May 4, 2011— -- A bipartisan mix of lawmakers and pundits has been heaping credit for the killing of Osama bin Laden on President Obama -- and his two predecessors, Presidents George W. Bush and Bill Clinton.
But to what extent did presidential leadership play a role in ultimately finding bin Laden, and who deserves the most credit for finally finding the world's most wanted man?
Public displays of unity aside, those questions remain the subject of a subtle, but hot, partisan debate.
Obama claimed credit for himself Sunday night, emphasizing the decision to make the bin Laden manhunt a key objective was his, shortly after he took office more than two years ago.
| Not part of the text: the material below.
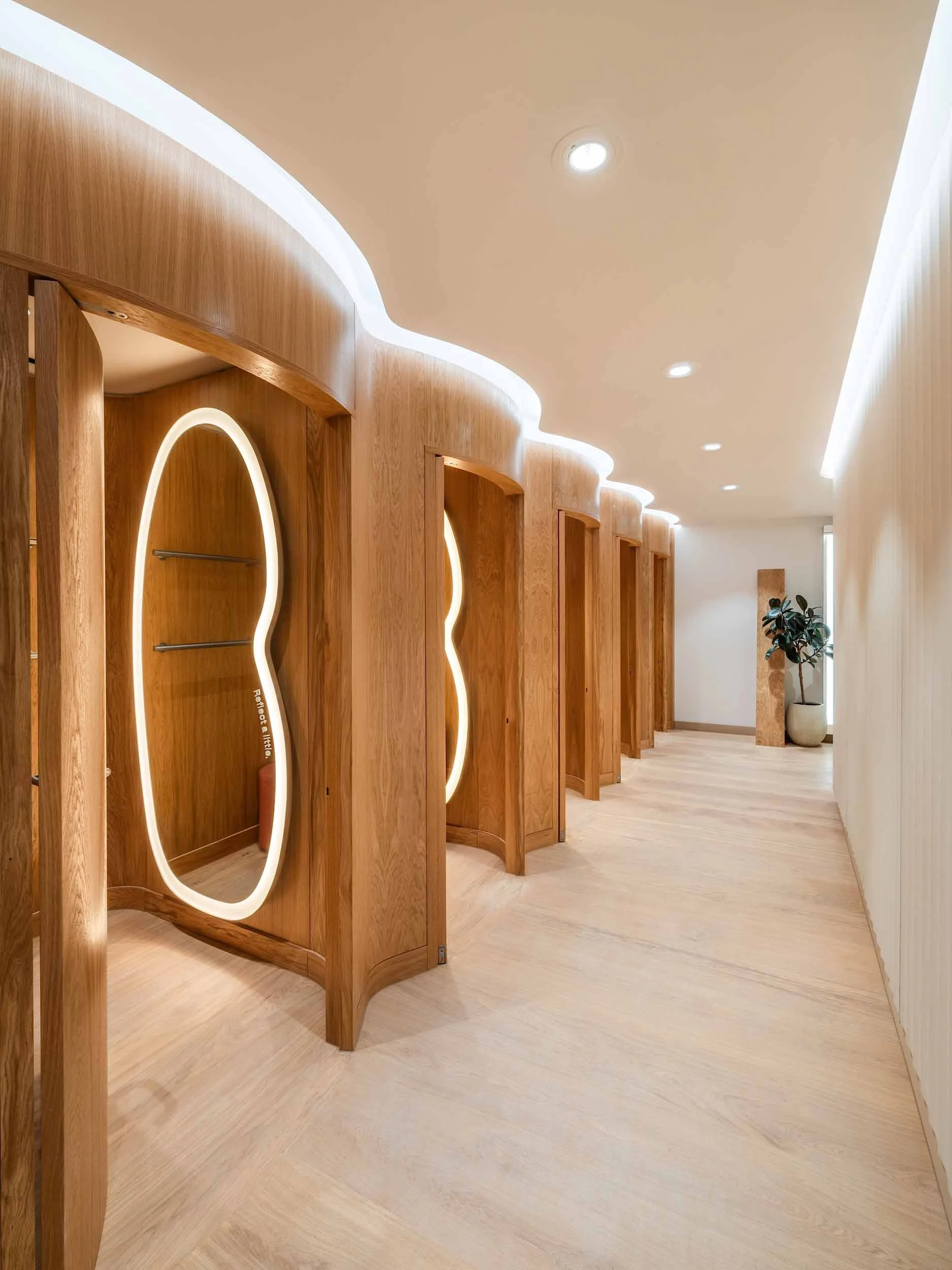 A hallway interior with wooden privacy booths, oval mirrors, and subtle LED lighting along the ceiling.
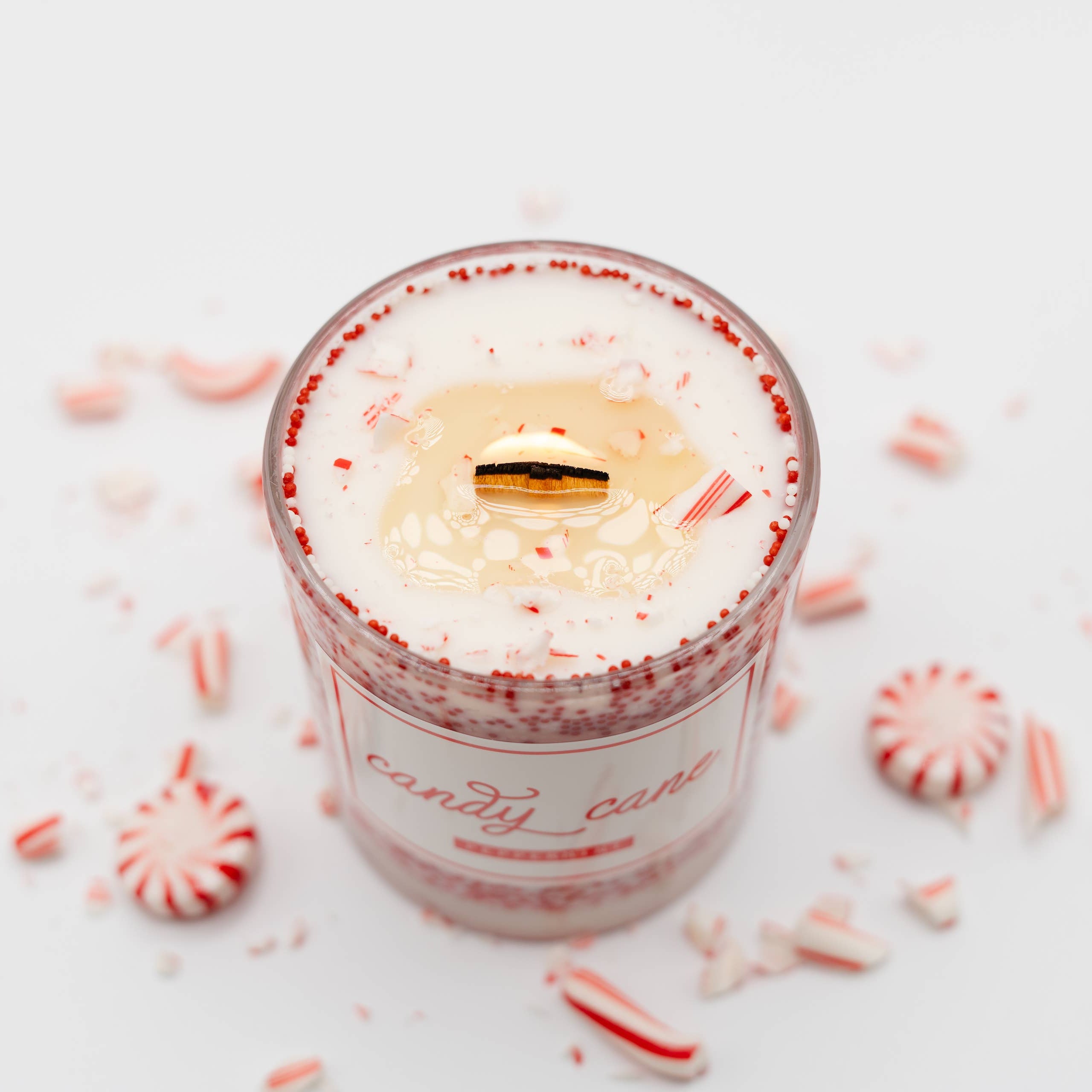 Candle in a glass jar with peppermint candy on a white background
He didn't mention Bush, who wanted bin Laden "dead or alive," or Clinton, who declared him "public enemy number one."
"I directed Leon Panetta, the director of the CIA, to make the killing or capture of bin Laden the top priority of our war against al Qaeda," Obama said early in his speech, "even as we continued our broader efforts to disrupt, dismantle, and defeat his network."
Moreover, White House aides said, Obama's decision to go forward with the dangerous secret operation, based on circumstantial evidence alone, was gutsy and bold. The odds bin Laden would actually be there were only 60 to 80 percent, Panetta told Time magazine after the fact.
Leading Republicans have publicly praised Obama for his leadership in the moment, and strong majorities of Republican voters in recent polls say they believe the president deserves credit for the mission's success.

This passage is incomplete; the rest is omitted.